Every A-list slut and your mother are invited to this do. Invites went out on red velvet with gold lettering. Which I'm sure is ironic and meant to spoof America's tacky celebrity excesses. But still - ugh. I'm sure Tar-jhay has something nicer Katie could have picked up. Tom Cruise's bash for the Beckhams is taking place on Sunday night and my ass wasn't invited. Don't they know who I am? Jerks.
Two of Hollywood's biggest stars -- Tom Cruise and Will Smith -- are hosting a private, welcome-to-L.A. bash for the Beckhams at the Museum of Contemporary Art's Geffen Contemporary in downtown Los Angeles.The 600-person, invitation-only list includes Oprah Winfrey, George Clooney, Jim Carrey, Anjelica Huston, Steven Spielberg, David Geffen, producers Jerry Bruckheimer and Brian Grazer, Warner Bros. President Alan Horn and Universal Pictures chief Ron Meyer. Not invited inside: the paparazzi that have followed the Beckhams' every move here.
"This is the hardest party to get into," said one person with knowledge of the affair, "It's A-list only. And, no press."
Anjelica f*cking Huston's tired ass was invited and I wasn't? Jim Carrey and his Yanni hair were invited and my inbox remains empty of Evites?!?! Screw them! Oprah can blow me! And don't worry, we'll at least have pics of people arriving.
(Splash)


















gail says:
The woman's never read a book--and actually state that, and the man sounds like a British Mickey Mouse. They aren't unique.
gail says:
The woman's never read a book--and actually states that, and the man sounds like a British Mickey Mouse. They aren't unique.
Margaret says:
I was invited, but it's my bingo night so I had to decline.
green cardigan says:
Believe me when I tell you, you'll soon be sick to the back teeth of the Beckhams over there in the US. Whichever Immigration Officer issued their visas, has a lot to answer for.
Brandon says:
they are both hot. they are hopefully going to add both culture and couture to the (mostly) drab united states.
sasha says:
boooks get quite repetive after a while. TTHeir are some good ones or ones that meant well. YOu have the sigma protocol ( any dan brown is ovverated shit)gossip girls i cant think of much else how many teen love stories lonely buissness people spy espionage turned against can you have, and dont get me started on "rules" books. Ill stick to my science journals and fashion mags.
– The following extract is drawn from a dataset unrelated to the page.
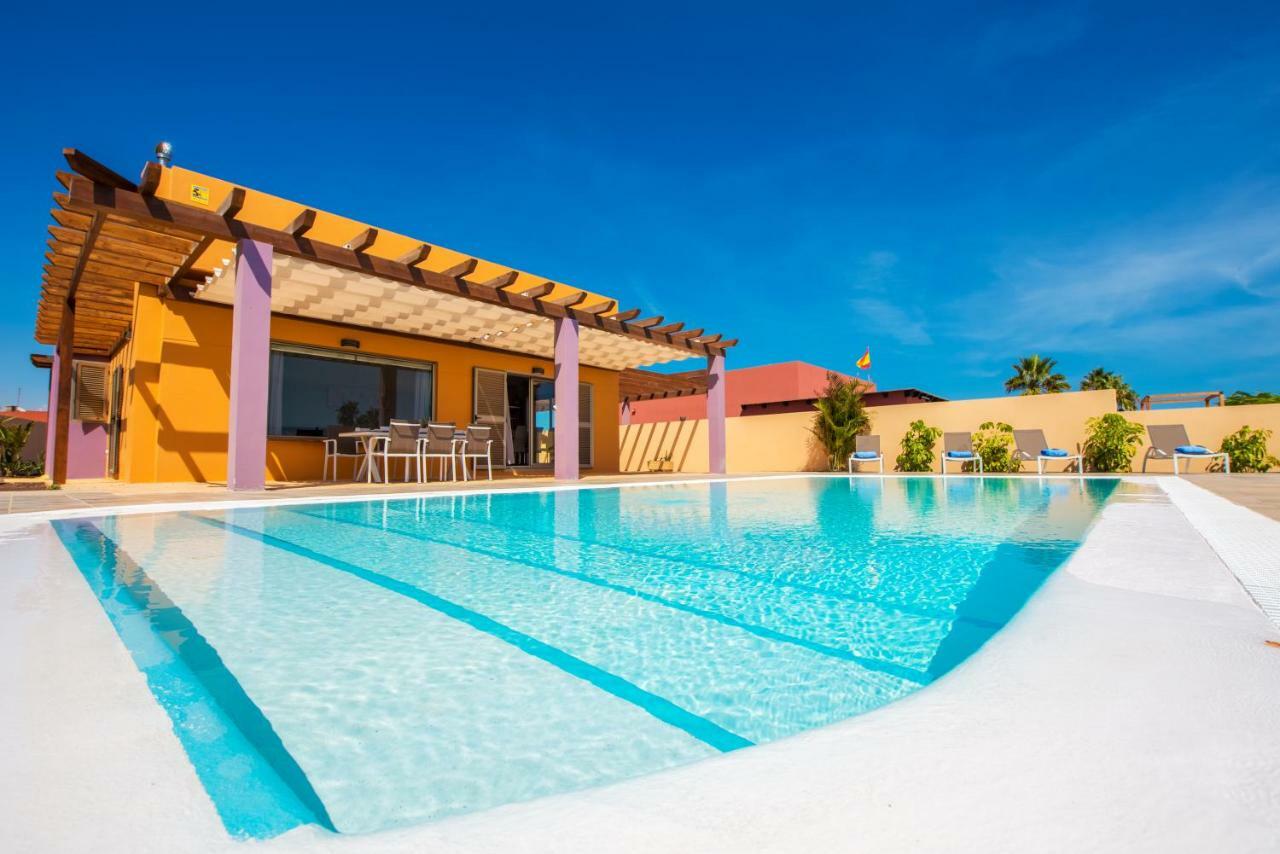 Villa Brisa Golf Salinas Caleta De Fuste Exteriör bild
NO wonder people dont really read it has not to do with ones intelligence.
Tanya says:
Ok, Sasha, according to you, books get repetitive so you only read magazines? Jesus H. Tap-Dancing Christ, that must be the reason why you can't string together a coherent sentence. You write so poorly I can barely understand you. If you're foreign or have a learning disability, I apologize, but otherwise there's just no excuse for you not being able to write as well as a third grader. What's so repetitive about books? Is it just one word you can't understand after another?
Wendy says:
Let the Scientology recruiting begin!!!
Logan says:
It must really suck being a dude with that high voice. You just gotta know people are makin' fun of ya.
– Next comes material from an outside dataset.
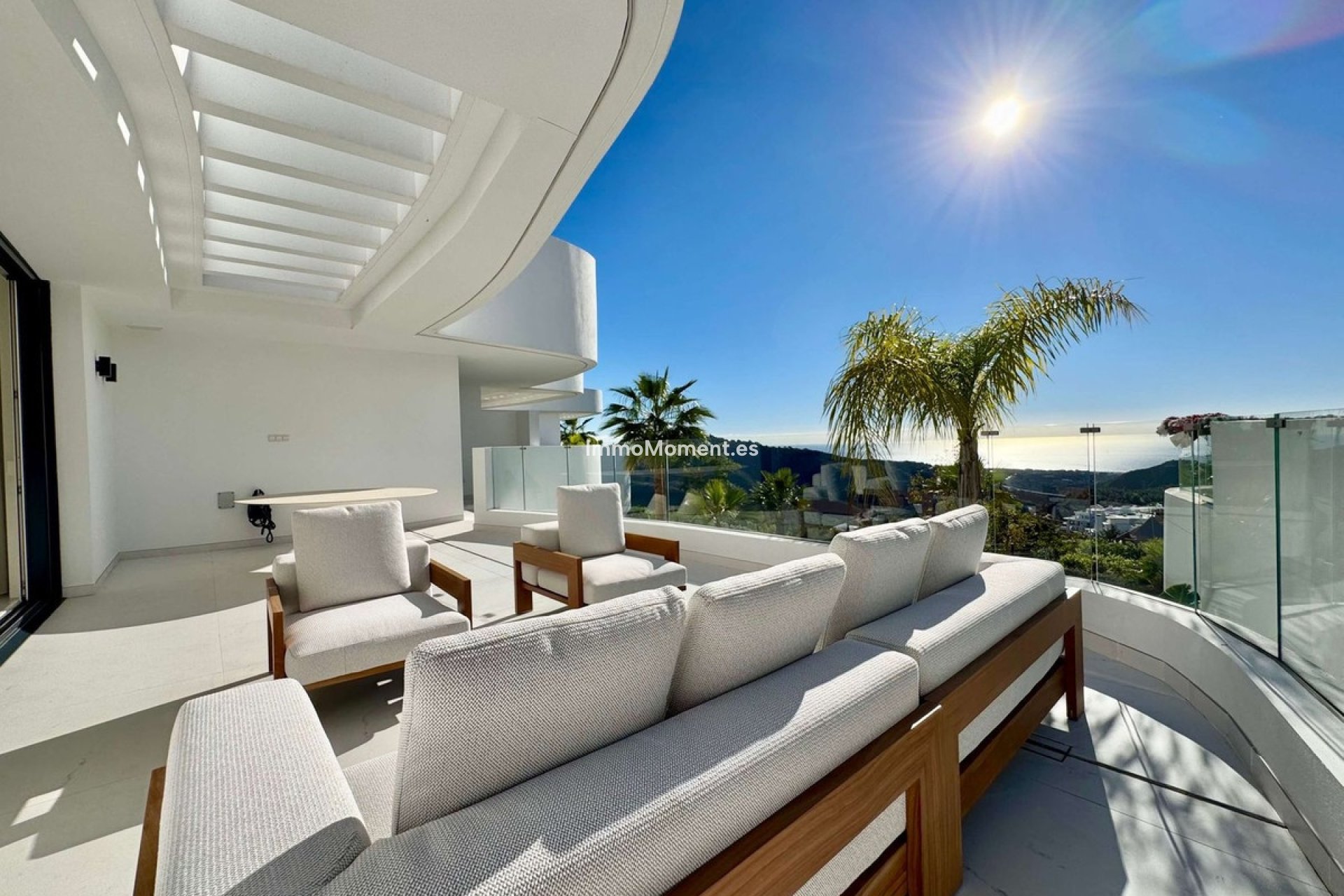 Resale - Apartment - Inland  - Ojén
Tanya's go too much time says:
you're a righteous one aren't ya? well if you haven't noticed computers are replacing books, and like sasha said, all the books out there are crap anyway.
Who cares if she types too fast, it's not a literary website, or some writing contest, it's damn gossip.
People really amaze me.
Jinxy McDeath says:
Let the bad teeth and aversion to soap begin! Bragging that you are ill read is sad, you just admitted you are ignorant, poorly educated and low income. Thanks Becks and Posh, lowering standards one country at a time!